Its expectation is forced on us — it is the value-weighted total of the probabilities:
\mathbb{E}[X] \;=\; \sum_{i=1}^{n} a_i \, \mathbb{P}(A_i).
In particular, taking X = \mathbf{1}_A recovers
\mathbb{E}[\mathbf{1}_A] = \mathbb{P}(A) — probability is just the
expectation of an indicator.
Stage 2 — non-negative functions
For a general X \ge 0 we approximate it from below by
simple functions and take the best such approximation:
\mathbb{E}[X] \;=\; \sup\Big\{\, \mathbb{E}[S] \;:\; S \text{ simple},\; 0 \le S \le X \,\Big\}.

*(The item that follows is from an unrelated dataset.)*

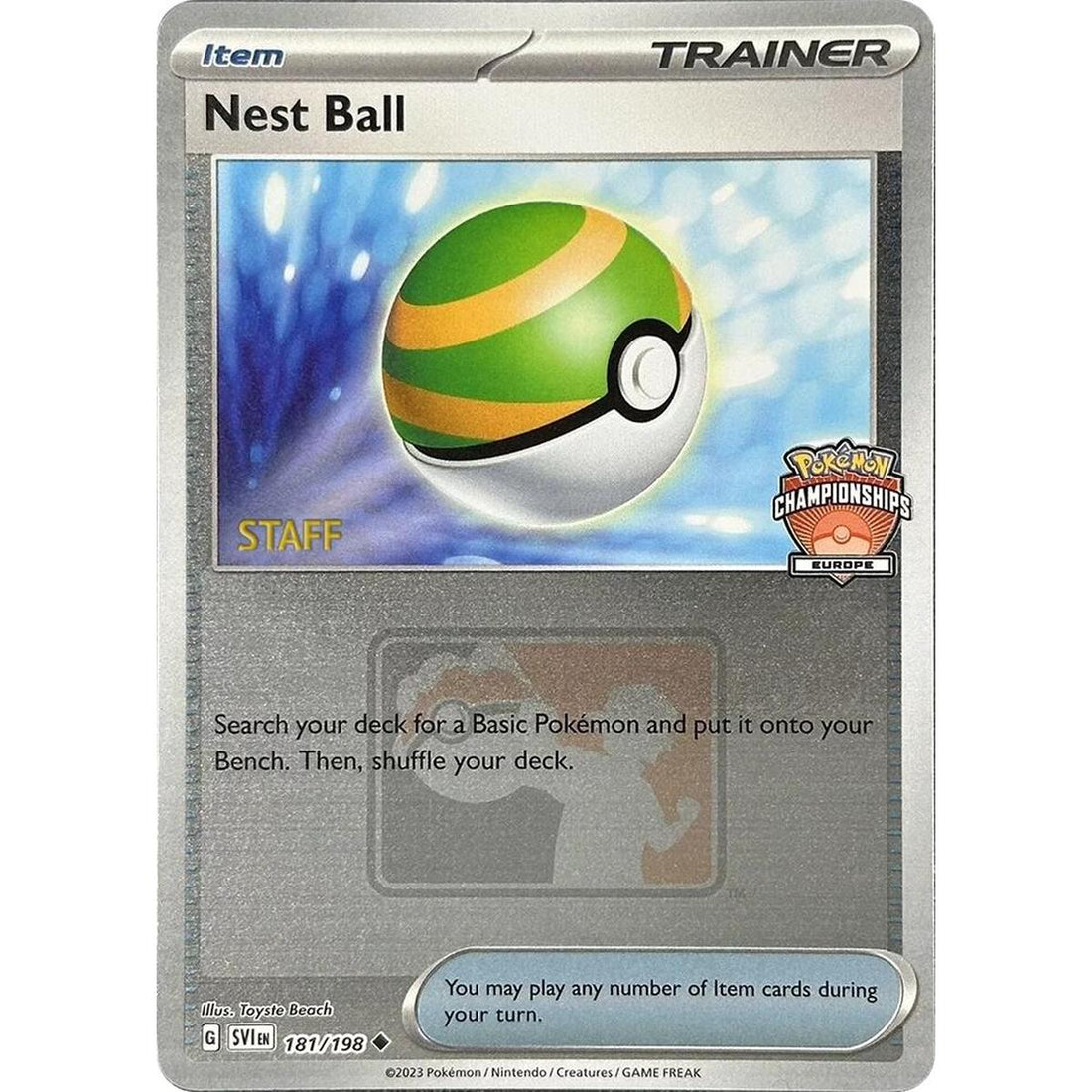 Nest Ball - 181/198 (Europe Championships) [Staff]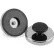 Master Magnetics Ceramic Round Base Magnets HMKR-80 with Knob 95 Lbs. Pull Nickel - Chrome Plating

The trick is to partition the range, not the domain: slice the
y-axis into finer and finer levels and, on each level, ask "with
what probability does X reach this high?". As the slicing refines,
the staircase climbs up to X and the simple-function expectations
increase to \mathbb{E}[X].
Stage 3 — general functions, and the payoff
Split any X into its positive and negative parts,
X = X^{+} - X^{-}, and define
\mathbb{E}[X] = \mathbb{E}[X^{+}] - \mathbb{E}[X^{-}] whenever not
both are infinite. Concretely this collapses to the formulas you already know — for a density
f and for a PMF p:
\mathbb{E}[X] = \int_{-\infty}^{\infty} x\, f(x)\, dx, \qquad \mathbb{E}[X] = \sum_k x_k\, p(x_k).
The two properties we use constantly drop straight out of the construction:
- Linearity: \mathbb{E}[aX + bY] = a\,\mathbb{E}[X] + b\,\mathbb{E}[Y].
- Monotonicity: if X \le Y then \mathbb{E}[X] \le \mathbb{E}[Y].